Following last year’s unprecedented market conditions, European pension schemes are increasing their allocation to non-traditional asset classes to manage their risks more effectively, according to Mercer’s annual European Asset Allocation Survey. The survey of over 1,000 European pension funds with assets of €400 billion found that 60 percent of European schemes (excluding the UK) expect to introduce new investment opportunities into their portfolio to help manage future investment risk. 47 percent of Irish schemes have indicated a further decrease in equity exposure.

Brian Griffin, Head of Mercer Ireland’s investment consulting business commented: “European pension funds have all felt the effect of the last year’s market turmoil. The banking crisis has highlighted the operational risks associated with the investment of institutional assets and brought counterparty credit risks more into focus. Funds are now looking at ways to manage the risk inherent in their schemes, in part through further diversification of their assets.”

Trends in asset allocation

The steady reduction in benchmark allocations to equities in markets with traditionally high exposures was accelerated by last year’s market turmoil. In Ireland the allocation fell from 67 percent in 2008 to 60 percent in 2009 and in the UK from 58 to 54 percent. Exposure to equity markets remained low across other European markets.

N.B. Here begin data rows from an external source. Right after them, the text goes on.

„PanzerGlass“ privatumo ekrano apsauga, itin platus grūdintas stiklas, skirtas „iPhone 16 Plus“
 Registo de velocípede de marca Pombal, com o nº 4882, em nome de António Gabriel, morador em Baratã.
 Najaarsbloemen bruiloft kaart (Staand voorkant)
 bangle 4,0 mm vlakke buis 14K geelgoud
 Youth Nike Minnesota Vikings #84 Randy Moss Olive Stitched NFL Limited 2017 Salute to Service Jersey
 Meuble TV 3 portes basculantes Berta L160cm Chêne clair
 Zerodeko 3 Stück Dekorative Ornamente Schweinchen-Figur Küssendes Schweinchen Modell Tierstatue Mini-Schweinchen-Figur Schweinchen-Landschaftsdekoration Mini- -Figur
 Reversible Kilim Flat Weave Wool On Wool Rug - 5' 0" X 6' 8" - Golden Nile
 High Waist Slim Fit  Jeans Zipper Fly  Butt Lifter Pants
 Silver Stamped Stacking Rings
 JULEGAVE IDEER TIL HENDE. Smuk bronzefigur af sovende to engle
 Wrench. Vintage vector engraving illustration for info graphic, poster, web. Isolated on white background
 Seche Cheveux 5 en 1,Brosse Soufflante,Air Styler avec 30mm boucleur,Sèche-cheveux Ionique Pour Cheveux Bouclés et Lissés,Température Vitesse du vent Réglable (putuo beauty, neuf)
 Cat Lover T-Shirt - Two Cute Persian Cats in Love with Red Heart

In both Ireland and the UK, 47 and 33 percent of schemes respectively have indicated they are planning a further decrease in equity exposure over the next 12 months. Irish schemes are looking to couple this with an increase in exposure to both government bonds (34 percent of schemes) and non-government bonds (12 percent).

Noel Collins, principal at Mercer commented: “Both in Ireland and the UK the move away from equities is driven by both the market downturn and the increasing maturity of schemes. As schemes close they tend to reduce their exposure to equities in favour of bonds with the average closed scheme having a bond exposure that is approximately 10 percentage points higher than the average open scheme.”

While bonds continue to be the dominant asset class in most European countries, an increasing number of funds are diversifying to non-traditional investment opportunities. According to the report, in Europe, schemes favour hedge funds (14 percent of schemes have an allocation), commodities (12 percent) and high yield bonds (10 per cent). Collins said: “The pattern of allocation to non-traditional asset classes varies from market to market, due both to historical trends and preferences and to the level of sophistication of investors”

Reviewing the impact of the market turmoil

Turbulent markets are prompting broad and deep reviews of all aspects of pension scheme policy. Over two thirds of respondents to the Mercer survey have either undertaken investment related reviews in 2008 or said they intended to do so in 2009. Of those, close to 70 percent reviewed their counterparty exposure risk in 2008 and over half reviewed their cash management. Over 70 percent expect to review stock lending programmes in 2009 and 46 percent plan to analyse transaction costs.

Chart 2 –Allocation to alternative assets: UK

Improvements in governance structures

Governance structures continue to be strengthened as demonstrated by a 35 percent increase in companies with designated investment committees. In nearly 30 percent of cases, decisions on the hiring and firing of investment managers are delegated to an investment committee, while, in nearly 5 percent they are delegated to the consultant or other third-party specialist. The survey also showed a growing number of schemes formally reviewing their investment strategy at least once a year (16 percent).